Une tuerie préméditée, perpétrée par un homme à la «vision radicale de l'islam» et en contact avec la mouvance «salafiste» : le procureur national antiterroriste a confirmé samedi le scénario jihadiste de l'attaque de la préfecture de police de Paris.
Décrivant quasiment minute par minute le périple meurtrier, Jean-François Ricard a esquissé un portrait du tueur, lors d'une conférence de presse.
L'assaillant, informaticien de 45 ans affecté au service technique de la Direction du renseignement de la préfecture de police (DRPP) depuis 2003, «aurait adhéré à une vision radicale de l'islam».
Converti à l'islam il y a une «dizaine d'années», Mickaël Harpon était en contact «avec plusieurs individus susceptibles d'appartenir à la mouvance islamiste salafiste», a déclaré samedi Jean-François Ricard, procureur au parquet national antiterroriste (PNAT).
Les premières investigations ont relevé son «approbation de certaines exactions commises au nom de cette religion», «son souhait de ne plus avoir certains contacts avec des femmes», «sa justification» des attentats de Charlie Hebdo en 2015, «son changement d'habitude vestimentaire depuis quelques mois», a ajouté le procureur, avant de détailler le périple meurtrier de «sept minutes» d'une «violence inouïe» de l'auteur, atteint de surdité.
«33 SMS» le matin du drame avec son épouse
Cet homme au casier judiciaire vierge mais qui avait fait l'objet d'une procédure pour violences conjugales en 2009, abandonnait en effet «toute tenue occidentale au profit d'une tenue traditionnelle pour se rendre à la mosquée», a-t-il expliqué.
Par ailleurs, l'étude de la téléphonie accrédite aussi la piste de la préparation d'un acte violent. Il s'agirait notamment d'échanges de «33 SMS» le matin du drame avec son épouse, dont la garde à vue a été prolongée samedi pour 48 heures.
«Au cours de cette conversation, l'auteur des faits a tenu des propos à connotation exclusivement religieuse qui se sont terminés par ces deux expressions: +Allah akbar+ puis +suis notre prophète bien aimé, Muhammad, et médite le Coran», a relaté le procureur.

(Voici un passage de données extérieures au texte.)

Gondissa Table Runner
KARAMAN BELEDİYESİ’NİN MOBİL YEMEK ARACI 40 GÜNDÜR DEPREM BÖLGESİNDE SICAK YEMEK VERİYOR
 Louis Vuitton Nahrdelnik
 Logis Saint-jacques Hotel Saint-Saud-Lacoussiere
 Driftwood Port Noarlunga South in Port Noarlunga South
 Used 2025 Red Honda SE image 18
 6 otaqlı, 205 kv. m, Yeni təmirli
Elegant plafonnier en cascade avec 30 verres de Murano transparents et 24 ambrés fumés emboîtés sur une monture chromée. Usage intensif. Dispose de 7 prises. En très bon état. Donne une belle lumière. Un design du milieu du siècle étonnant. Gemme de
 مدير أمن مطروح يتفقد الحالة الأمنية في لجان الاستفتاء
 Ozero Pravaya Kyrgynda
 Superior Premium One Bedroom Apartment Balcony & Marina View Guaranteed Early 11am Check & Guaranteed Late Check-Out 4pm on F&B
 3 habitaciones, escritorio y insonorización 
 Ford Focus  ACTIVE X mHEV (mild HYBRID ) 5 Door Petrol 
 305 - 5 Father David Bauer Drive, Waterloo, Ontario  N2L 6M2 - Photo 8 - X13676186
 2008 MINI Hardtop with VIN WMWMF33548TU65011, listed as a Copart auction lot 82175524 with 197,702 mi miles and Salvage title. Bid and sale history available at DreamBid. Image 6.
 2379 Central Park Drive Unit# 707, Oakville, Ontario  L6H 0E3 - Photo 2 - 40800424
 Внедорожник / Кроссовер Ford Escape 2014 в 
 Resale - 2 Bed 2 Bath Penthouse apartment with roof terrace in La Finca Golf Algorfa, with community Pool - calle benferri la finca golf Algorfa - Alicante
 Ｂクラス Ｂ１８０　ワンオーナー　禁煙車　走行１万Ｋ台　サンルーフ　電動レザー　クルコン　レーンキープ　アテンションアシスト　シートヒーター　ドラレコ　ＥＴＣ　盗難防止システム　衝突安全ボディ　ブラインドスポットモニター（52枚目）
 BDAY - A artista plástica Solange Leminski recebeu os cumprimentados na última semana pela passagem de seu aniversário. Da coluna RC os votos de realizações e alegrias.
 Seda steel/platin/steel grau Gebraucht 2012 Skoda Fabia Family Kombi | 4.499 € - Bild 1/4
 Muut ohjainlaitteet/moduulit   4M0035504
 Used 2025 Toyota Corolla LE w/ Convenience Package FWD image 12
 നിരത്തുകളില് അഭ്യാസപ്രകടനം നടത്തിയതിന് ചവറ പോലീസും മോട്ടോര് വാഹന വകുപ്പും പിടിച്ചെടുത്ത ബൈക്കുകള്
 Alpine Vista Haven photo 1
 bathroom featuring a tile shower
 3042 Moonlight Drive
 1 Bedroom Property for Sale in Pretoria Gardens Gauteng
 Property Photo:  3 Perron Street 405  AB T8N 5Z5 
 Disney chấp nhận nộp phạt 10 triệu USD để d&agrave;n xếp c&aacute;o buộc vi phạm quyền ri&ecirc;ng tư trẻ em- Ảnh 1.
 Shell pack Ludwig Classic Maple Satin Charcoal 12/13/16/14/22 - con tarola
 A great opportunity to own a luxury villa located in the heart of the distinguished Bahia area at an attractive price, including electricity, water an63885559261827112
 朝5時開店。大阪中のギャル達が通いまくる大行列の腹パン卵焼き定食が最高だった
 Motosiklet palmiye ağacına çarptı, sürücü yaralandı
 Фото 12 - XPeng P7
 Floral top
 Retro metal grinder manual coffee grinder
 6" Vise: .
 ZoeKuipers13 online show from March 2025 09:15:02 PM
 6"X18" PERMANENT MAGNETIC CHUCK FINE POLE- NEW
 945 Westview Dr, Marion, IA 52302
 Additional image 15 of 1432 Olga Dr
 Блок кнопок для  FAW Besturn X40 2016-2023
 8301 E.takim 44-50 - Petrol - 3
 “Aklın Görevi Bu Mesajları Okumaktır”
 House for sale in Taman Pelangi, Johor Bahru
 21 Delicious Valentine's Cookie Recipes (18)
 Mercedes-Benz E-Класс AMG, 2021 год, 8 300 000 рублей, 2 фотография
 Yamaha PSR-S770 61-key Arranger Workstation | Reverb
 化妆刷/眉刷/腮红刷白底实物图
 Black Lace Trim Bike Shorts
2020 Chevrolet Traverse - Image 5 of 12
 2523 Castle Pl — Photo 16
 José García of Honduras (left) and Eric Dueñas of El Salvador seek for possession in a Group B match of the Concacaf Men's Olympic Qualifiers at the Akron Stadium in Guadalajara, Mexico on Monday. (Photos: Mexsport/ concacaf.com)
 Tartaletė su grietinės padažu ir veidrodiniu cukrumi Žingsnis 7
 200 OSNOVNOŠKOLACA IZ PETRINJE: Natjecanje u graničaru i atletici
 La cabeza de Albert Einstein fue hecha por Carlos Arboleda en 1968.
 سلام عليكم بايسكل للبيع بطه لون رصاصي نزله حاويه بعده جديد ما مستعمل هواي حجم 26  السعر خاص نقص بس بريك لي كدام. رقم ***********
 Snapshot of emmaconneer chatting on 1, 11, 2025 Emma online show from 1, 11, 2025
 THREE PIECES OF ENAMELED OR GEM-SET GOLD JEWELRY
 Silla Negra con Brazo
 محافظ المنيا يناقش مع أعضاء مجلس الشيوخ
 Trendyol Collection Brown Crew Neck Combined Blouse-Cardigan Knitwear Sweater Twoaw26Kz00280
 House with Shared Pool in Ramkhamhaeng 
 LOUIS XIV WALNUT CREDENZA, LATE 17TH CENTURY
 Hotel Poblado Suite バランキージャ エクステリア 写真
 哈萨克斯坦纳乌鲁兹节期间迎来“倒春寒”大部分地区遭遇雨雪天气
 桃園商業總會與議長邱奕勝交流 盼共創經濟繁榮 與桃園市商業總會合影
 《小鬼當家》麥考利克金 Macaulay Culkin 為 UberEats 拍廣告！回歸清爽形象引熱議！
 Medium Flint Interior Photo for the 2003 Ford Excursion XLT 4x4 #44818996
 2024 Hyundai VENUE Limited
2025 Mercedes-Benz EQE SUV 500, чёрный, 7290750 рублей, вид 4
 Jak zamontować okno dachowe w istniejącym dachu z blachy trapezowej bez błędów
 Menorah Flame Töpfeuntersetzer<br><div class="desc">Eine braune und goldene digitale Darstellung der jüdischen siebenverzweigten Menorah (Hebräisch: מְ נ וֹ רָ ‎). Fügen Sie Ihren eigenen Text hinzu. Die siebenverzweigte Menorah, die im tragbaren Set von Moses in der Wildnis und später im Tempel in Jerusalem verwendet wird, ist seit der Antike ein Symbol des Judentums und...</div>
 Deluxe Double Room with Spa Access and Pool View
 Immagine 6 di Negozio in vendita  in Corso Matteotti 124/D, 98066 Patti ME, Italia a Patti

Il aurait, selon les témoignages dans son entourage, tenu «des propos similaires dans la nuit», a-t-il aussi indiqué.
Jeudi, entre 12H30 et 13H00, armé d'un couteau de cuisine, Mickaël H. a blessé mortellement deux policiers et un agent administratif des services de renseignement de la Préfecture de police de Paris (PP), dans des bureaux du bâtiment situé au cœur historique de la capitale.
Il a ensuite tué une policière et blessé une employée des ressources humaines ainsi qu'un autre fonctionnaire, avant d'être abattu par un policier dans la cour de la préfecture.
D'après une source proche du dossier, l'une des victimes, âgée d'une cinquantaine d'années a été égorgée.
Parmi les différents éléments recueillis depuis jeudi par les enquêteurs accréditant l'hypothèse d'une radicalisation de Mickaël H. figurent un procès verbal d'un fonctionnaire de la PP rapportant des «propos ambigus» tenus après l'attentat contre Charlie Hebdo, selon une source proche du dossier.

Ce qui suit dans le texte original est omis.